The points $A, B$ and $C$ have position vectors $\mathbf{a}, \mathbf{b}$ and $\mathbf{c}$ respectively.
(a) Show that the area of triangle $A B C$ is $\frac{1}{2}|\mathbf{a} \times \mathbf{b}+\mathbf{b} \times \mathbf{c}+\mathbf{c} \times \mathbf{a}|$. Hence show that the shortest distance from $B$ to $A C$ is
$$
\frac{|\mathbf{a} \times \mathbf{b}+\mathbf{b} \times \mathbf{c}+\mathbf{c} \times \mathbf{a}|}{|\mathbf{c}-\mathbf{a}|}
$$
[4]
(b) Given that $\mathbf{a}$ and $\mathbf{b}$ are non-zero vectors such that $|\mathbf{a}-\mathbf{b}|=|\mathbf{a}+\mathbf{b}|$, find the value of $\mathbf{a} \cdot \mathbf{b}$.
[2]
(b) 0
(a)$\text { area of triangle } A B C =\frac{1}{2}|(\mathbf{b}-\mathbf{a}) \times(\mathbf{c}-\mathbf{a})| $
$=\frac{1}{2}|(\mathbf{b}-\mathbf{a}) \times \mathbf{c}-(\mathbf{b}-\mathbf{a}) \times \mathbf{a}| $
$=\frac{1}{2}|\mathbf{b} \times \mathbf{c}-\mathbf{a} \times \mathbf{c}-\mathbf{b} \times \mathbf{a}+\mathbf{a} \times \mathbf{a}| $
$=\frac{1}{2}|\mathbf{b} \times \mathbf{c}+\mathbf{c} \times \mathbf{a}+\mathbf{a} \times \mathbf{b}+\mathbf{0}| $
$=\frac{1}{2}|\mathbf{a} \times \mathbf{b}+\mathbf{b} \times \mathbf{c}+\mathbf{c} \times \mathbf{a}| \quad(\text { shown })$
Let shortest distance from $B$ to $A C$ be $h$ (which is also the perpendicular distance from $B$ to $A C$ ).
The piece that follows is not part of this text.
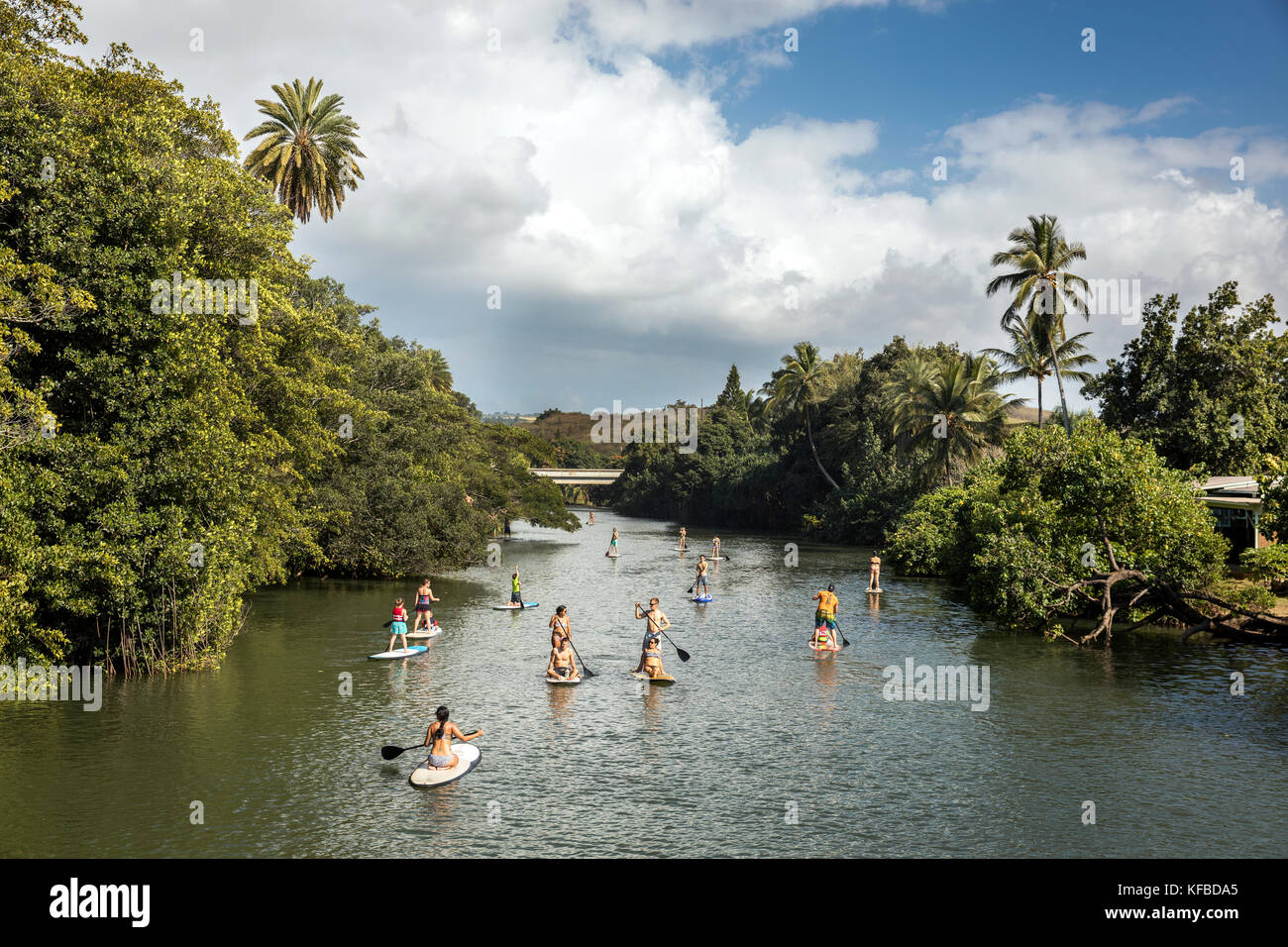 HAWAII, Oahu, North Shore, viaggiatori paddleboarding sul fiume Anahulu sotto lo storico Ponte di Arcobaleno nella città di Haliewa Foto Stock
$A C=|\overrightarrow{A C}|=|\mathbf{c}-\mathbf{a}|$
Let shortest distance from $B$ to $A C$ be $h$ (which is also the perpendicular distance from $B$ to $A C$ ).
area of triangle $\overrightarrow{A B} \mathrm{~C}=\frac{1}{2}(A C)(h)=\frac{1}{2}|\mathbf{a} \times \mathbf{b}+\mathbf{b} \times \mathbf{c}+\mathbf{c} \times \mathbf{a}|$
Thus $h=\frac{|\mathbf{a} \times \mathbf{b}+\mathbf{b} \times \mathbf{c}+\mathbf{c} \times \mathbf{a}|}{|\mathbf{c}-\mathbf{a}|} .($ shown)
(b)
$|\mathbf{a}-\mathbf{b}|=|\mathbf{a}+\mathbf{b}| $
$(\mathbf{a}-\mathbf{b}) \cdot(\mathbf{a}-\mathbf{b})=(\mathbf{a}+\mathbf{b}) \cdot(\mathbf{a}+\mathbf{b}) $
$|\mathbf{a}|^2-2 \mathbf{a} \cdot \mathbf{b}+|\mathbf{b}|^2=|\mathbf{a}|^2+2 \mathbf{a} \cdot \mathbf{b}+|\mathbf{b}|^2 $
$\mathbf{a} \cdot \mathbf{b}=0$
Alternative
Consider a parallelogram $O A C B$ with $\overrightarrow{O A}=\mathbf{a}$ and $\overrightarrow{O B}=\mathbf{b}$.
Then the lengths of its diagonals are given by $A B=|\mathbf{a}-\mathbf{b}|$ and $O C=|\mathbf{a}+\mathbf{b}|$.
If $|\mathbf{a}-\mathbf{b}|=|\mathbf{a}+\mathbf{b}|$, then $O A C B$ forms a rectangle and thus $\mathbf{a} \cdot \mathbf{b}=0$.